Gli allevamenti sono presenti in Italia da una quindicina d’anni. Ed è un fenomeno in crescita, anche se lenta. C’è chi passa alla lumaca quasi per cambiare vita. A Biella un industriale ha rinunciato a costruire nuovi capannoni per realizzare un grande impianto da 200.000 riproduttori. A Lagnasco, centro della coltura delle pesche del Saluzzese (Cn), un grande frutticoltore ha smantellato una coltura di nettarine per impiantare un allevamento modello, uno dei pochi al chiuso.
Ma quanto si guadagna ad allevare lumache?
«La resa è di circa 1600 kg per un ettaro, che è anche la superficie minima per un allevamento da reddito. Il prezzo di vendita praticato dagli allevatori va dai 4,50 euro al Kg ai 10 euro se vendute a un ristorante. In pratica, quindi, si parla di redditi lordi da 20-40000 euro per impianti di circa un ettaro. Ma oltre questa dimensione non si può essere da soli, ci vuole un socio o un collaboratore, perché la lumaca richiede un’attenzione quotidiana per rimuovere gli esemplari morti e spostare i piccoli».
Poi, in autunno c’è il “raccolto”, per un prodotto che rimane pur sempre “di stagione”, consumabile in autunno-inverno.
La lumaca deve “opercolarsi”, cioè deve chiudere il guscio con il caratteristico tappo bianco calcareo in vista del letargo invernale, dopo; dopo “opercolata” è più resistente, perché blocca il metabolismo. Prima dell’opercolatura il mollusco è sottoposto a digiuno per espellere tutti i residui alimentari nell’intestino. Quindi, una volta opercolata contiene anche meno materiali intestinali putrescibili.
Le lumache vanno messe al fresco in modo da farle rimanere retratte e chiuse nel loro involucro. Ma ci sono specie vendute vive, “correnti” come si dice, anche se sembra una battuta. Con queste lumache vive bisogna valutare consistenza e reattività del mollusco. I soggetti morti vanno asportati. Se ci sono troppe lumache morte in una retina non vanno comprate.
Il prodotto fresco non dura molto ma le lumache “opercolate” si possono conservare per mesi. La buona opercolatura garantisce un animale vivo anche mesi in autunmo-inverno. È importante che gli animali siano sani e siano stai ben nutriti in modo da produrre opercoli calcarei consistenti che offrano un buon isolamento.

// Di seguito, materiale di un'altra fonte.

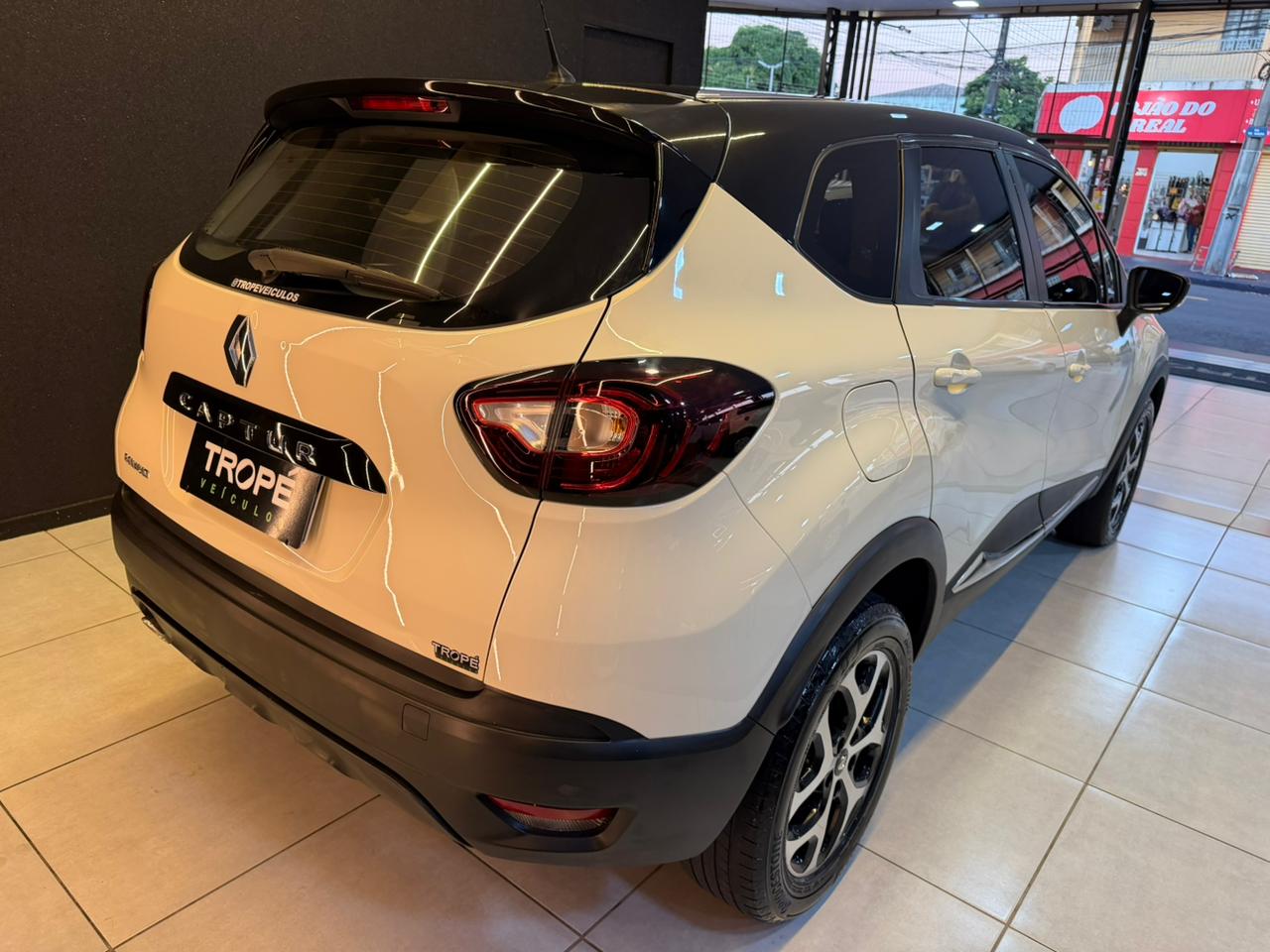 RENAULT CAPTUR LIFE 1.6 A FLEX 2019-BEGE (4)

Poi, si tratta di cucinarle. «Ci vogliono tre ore per la Pomatia ma molto meno per le chiocciole mediterranee: il consiglio è di condirle soltanto con un filo di olio e qualche erbetta», dicono i cuochi. E in fin dei conti la chiocciola non è poi così malvagia da mangiare. Bisogna, però, utilizzare solo il “piede”, scartando l’intestino, perché dà il disgustoso gusto di terra che molti, a torto, considerano caratteristico di questo mollusco.
Ma oltre al consumo a tavola (si fa pure un caviale con le uova) c’è la nuova frontiera farmacologica e cosmetica. Anzi, ormai lo sciroppo alla bava di lumache è molto utilizzato contro la tosse, così come sono celebri le creme alla bava di lumaca (in certe beauty farm ti mettono anche le lumache sulla faccia): la bava contiene un antibiotico naturale che abbatte la carica batterica della pelle e la arricchisce di proteine.
Insomma, nuovi modi di guardare a uno degli animali più popolari della nostra cultura.
Nuovi modi di pensare alla cara vecchia lumaca che, con la sua proverbiale lentezza, sta facendo sempre più strada.
se moltiplico 1.600 kg a 10 euro al kg (massimo guadagno) arrivo a 16.000 euro lordi…… come si calcolano i 40.000 indicati dall’articolo?